Dr Hasse: I would like to state that the distances were at least 2 cm. If there is a possibility to achieve a larger distance to the tumor, we always pursue that, of course. However, that prerequisite is not always achievable, in particular, when the tumor location is close to the spine. In those cases, in more recent times, we have been using intraoperative radiotherapy, which was mentioned on one slide as IORT. I think we should make more use of that tool in the future. Once having it at hand, it gives a further advantage.
Dr J. Hutter (Salzburg, Austria): There were 15 patients where you only resected a single rib. In the beginning, you said you always remove the upper and lower ribs as well. Were those 15 patients only benign disease?
Dr Warzelhan: In 15 cases, we resected one or two ribs. In that group, there were benign diseases, chest wall metastases and children at low ages with osteosarcoma. We resected not always the upper and lower ribs, but in most cases, we tried to do so.
Dr Hasse: I would like to add to this. There were a few cases with benign disease, but the majority were patients of low age with osteosarcoma of a single rib. Both intercostal muscle bundles were resected. Patients who got excision of one rib, i.e. complete excision for establishing the diagnosis, afterwards received chemotherapy and/or radiotherapy. This was a concept mostly followed in children with a genuine sarcoma of one single rib. In such a wide excision of a sarcoma limited to one rib, the latter was exarticulated from the spine and was cut well within the cartilaginous segment in the sense of total compartment resection.
Dr Y.T. Kim (Seoul, South Korea): You mentioned that intraoperative radiation therapy may have some role for this kind of patient. I think that IORT is usually for the area where the external radiation treatment is not feasible. However, the chest wall tumor is usually not enough or is not very close to the vital organ. In which case did you use IORT in your series?
Dr Warzelhan: We used this if the resection was not possible with 2 cm margins; for example, close to the spine.
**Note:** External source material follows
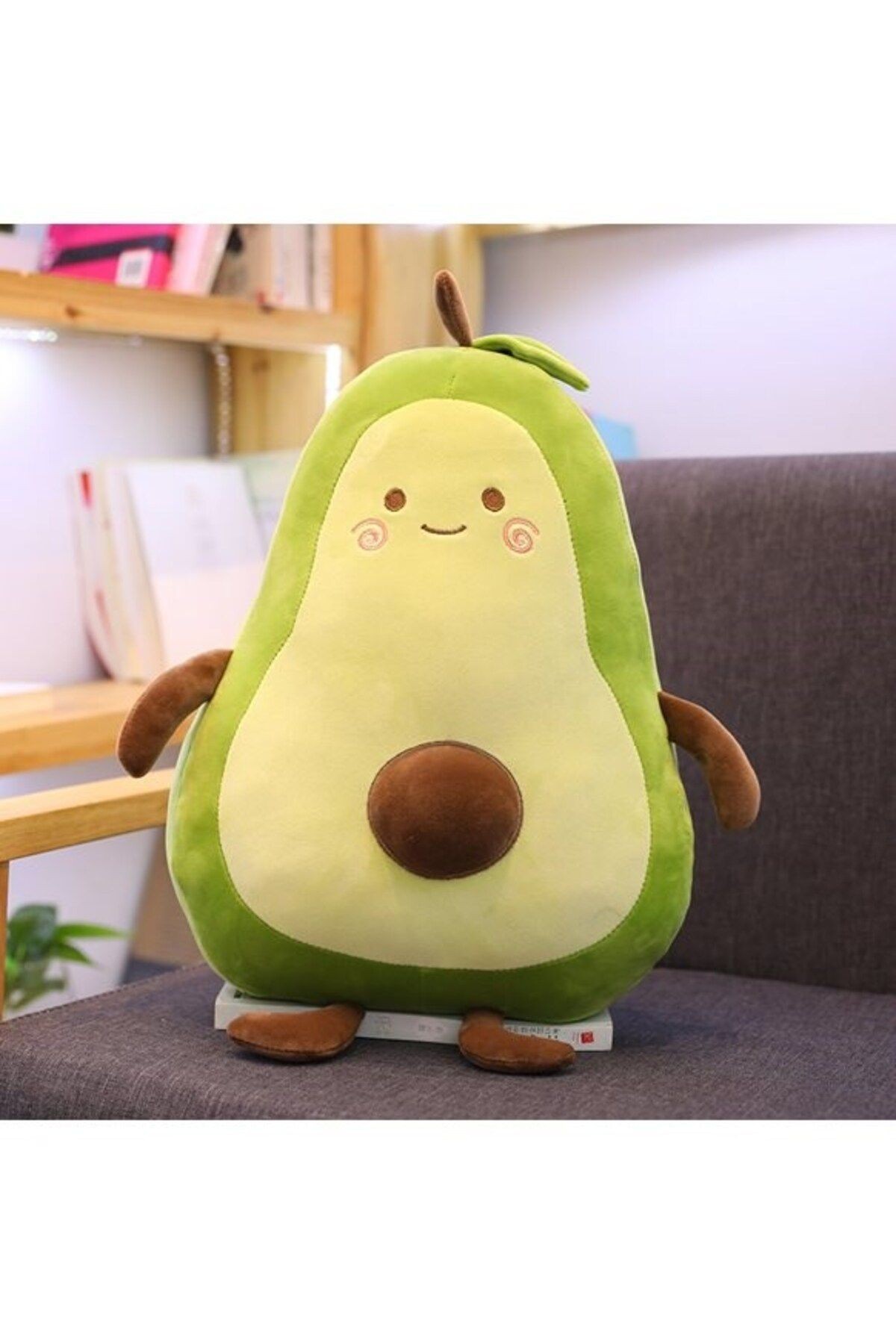 Yeşil Avokado Pelüş Oyuncak 50cm  Kolye Hediyeli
Dr Hasse: If I may add to the technique: IORT was applied via a tube through the chest to the inner surface of the operative area.
Dr J.-F. Velly (Pessac, France): What is your policy to obtain diagnosis before treatment? I know that in these kinds of primary tumors, there are multimodality therapies. So, do you use open biopsy to assess diagnosis?
Dr Warzelhan: In most cases, we used incisional biopsy or open biopsy.
Dr Velly: Most of the cases or all?
Dr Warzelhan: In most cases, and nearly all cases were discussed with the oncologists and the Department of Radiotherapy.
Dr Hasse: I may add that in metastatic disease, like breast cancer or renal cell, we did not use, of course, the incisional biopsy or excisional biopsy.